“Por que com o tempo não volto os meus olhos para o
que é novo?” Esta frase de William Shakespeare nos faz pensar que historicamente
a cultura se coloca na vanguarda dos acontecimentos sociais e atua como
referência de novidade artística e na defesa das minorias. No Brasil, a cultura
também é depositário da memória de personagens e fatos ignorados pela história
oficial. Ela ganha relevância quando tratamos da intolerância religiosa.
Em
nosso país, o advento da República separou religião e Estado, possibilitando
maior liberdade de culto e manifestações que envolvem cultura e religiosidade.
Apesar do avanço, a intolerância permaneceu como resquício do período de subjulgamento
a escravidão, exploração e vidas sem história.
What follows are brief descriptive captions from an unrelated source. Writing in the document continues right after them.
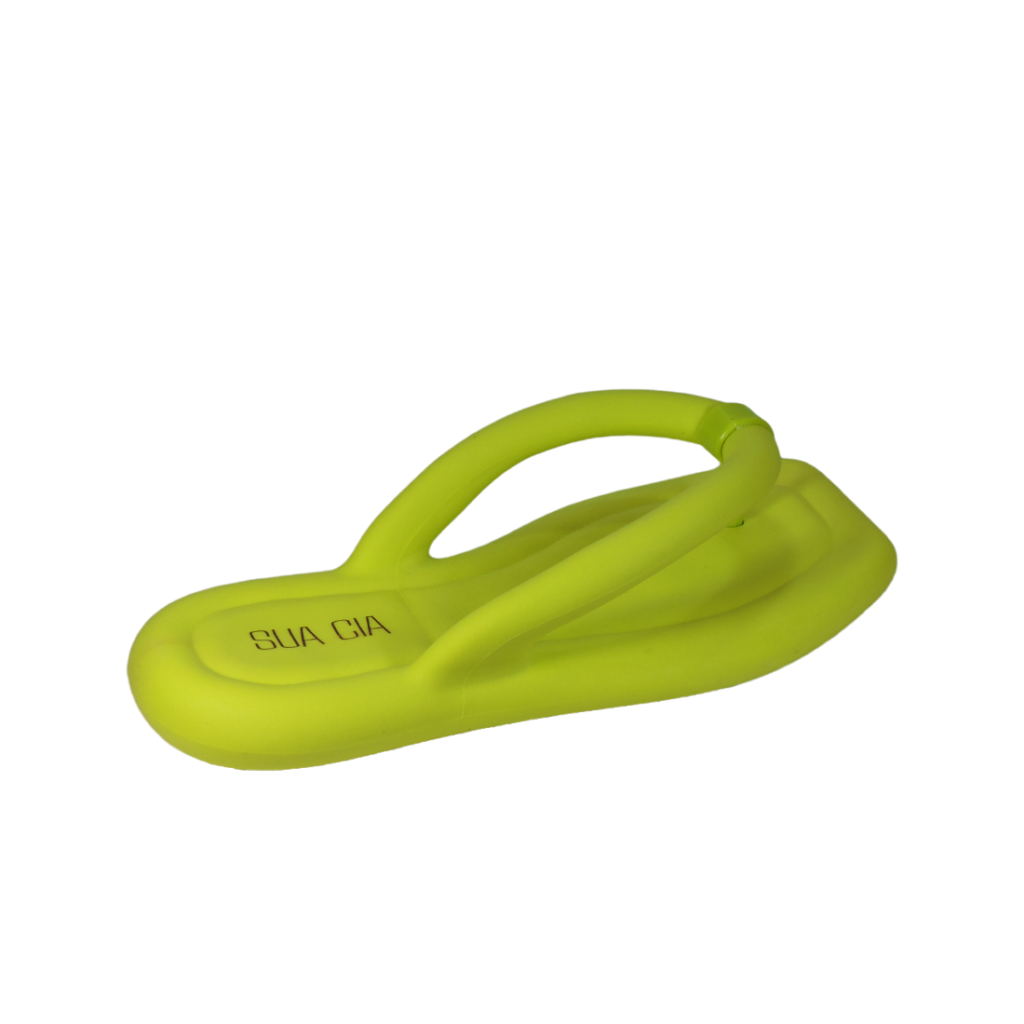 chinelo verde neon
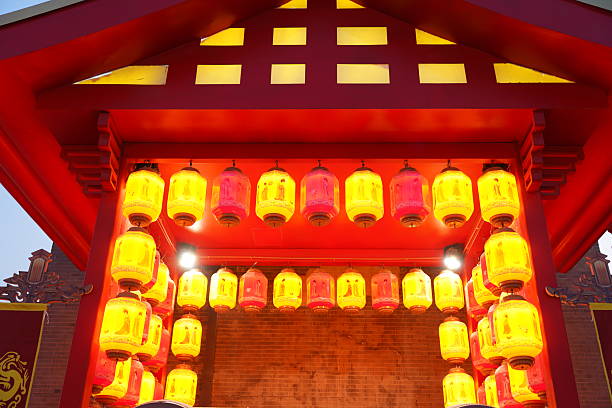 Chinese festive lantern at night Chinese traditional lanterns at night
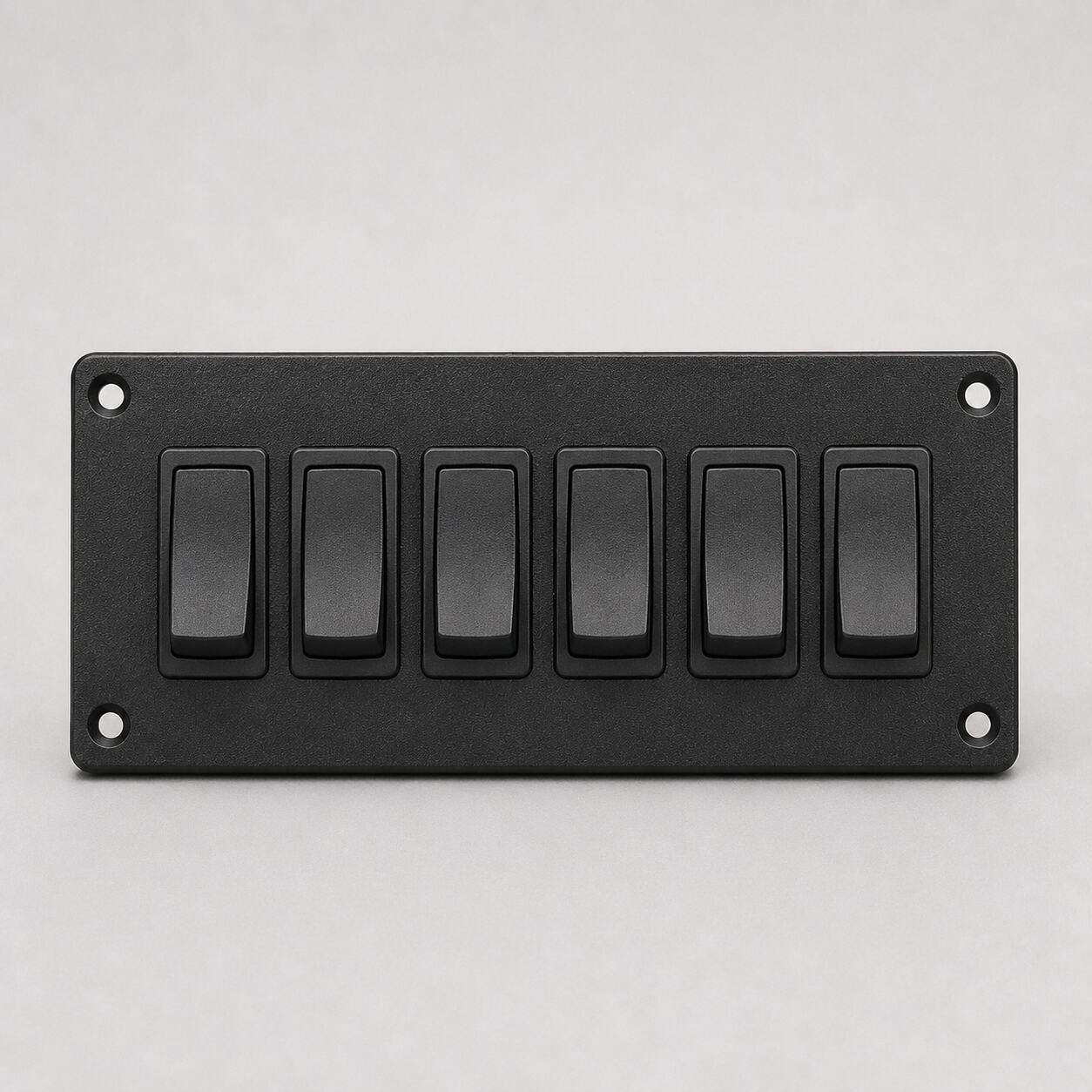 SXS switch-panel insert configured for 6 installed switches; item may vary by make and model; surrounding dash not included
Cidadãos sem cidadania, sem
direito ao voto e a educação. E como pano de fundo, o preconceito e a
intolerância.
A cultura brasileira nasce da força e
da identificação de seus criadores com a terra tropical: mitos, verdades e
enfrentamentos. Por isso, a cultura se manifesta como defesa, descobrimento de
problemas e soluções ao país.
O
romance Tenda dos milagres (Jorge Amado) foca na intolerância racial e
religiosa de famílias tradicionais que desconhecem sua origem popular e negra.
O texto aborda o cotidiano de lutas e derrotas do povo que sofrem por conta do
preconceito de homens poderosos da política e da policia, cujas conseqüências
acompanham gerações e aos que não concordam com os abusos. O final da história
é surpreendente: obriga os dois lados a repensar a vida e desenvolver o perdão
e a boa convivência.
Obras
do Romantismo Brasileiro, como O Guarani (José de Alencar); Escrava Isaura
(Bernardo Guimarães) e o poema O Navio Negreiro (Castro Alves) embora não
tenham o foco na intolerância religiosa, mostram como ela afeta a vida social e
a integridade física do perseguidos. Negros e indígenas se vêem sem lei que os
protejam e as voltas com poderosos que são a própria lei.
Do incompreendido culto dos índios
brasileiros, do candomblé, umbanda e a visão do cristianismo humanista e social
surgiram obras primas e gêneros musicais essenciais para o Brasil, como samba,
jongo, ciranda e cantigas que dão dimensão única à canção nacional. Dorival
Caymmi, Caetano Veloso, Gilberto Gil, Jorge Benjor, Raul Seixas, Chico César e
Cazuza desafiaram convenções em músicas que desbravaram mistérios religiosos e
intolerâncias em contexto afro, esotérico, budista e no hinduísmo.
Na TV, novelas também
exploraram em releituras e textos inéditos a intolerância religiosa mostrando
que os conflitos vêm do desconhecimento sobre o outro e que todas as religiões
pregam a paz e a comunhão dos homens em amplitude universal. É o caso de A
viagem (Ivani Ribeiro/1975); Sinhá Moça (Benedito Ruy Barbosa/1986); Pacto de
sangue (Regina Braga/1989) e Porto dos milagres (Aguinaldo Silva/2001, baseado
em Jorge Amado).
Recentemente
o cinema trouxe a história de Besouro, capoeirista que vive aventuras e
enfrenta perseguições para manter viva a cultura dos quilombos, já que música,
dança e religião sofriam os mesmos revezes e tudo era proibido. Nos anos 60, o
filme “O Pagador de promessas”, de Anselmo Duarte e baseado em Dias Gomes, trazia
o drama de Zé do Burro e sua dura missão de agradecer o milagre recebido e não
poder entrar na igreja, pois seu sincretismo foi duramente combatido.
Assim,
a cultura provoca debates e reflexões sobre os males causados pela intolerância
religiosa e a necessidade de um pensamento mais próximo dos valores humanos.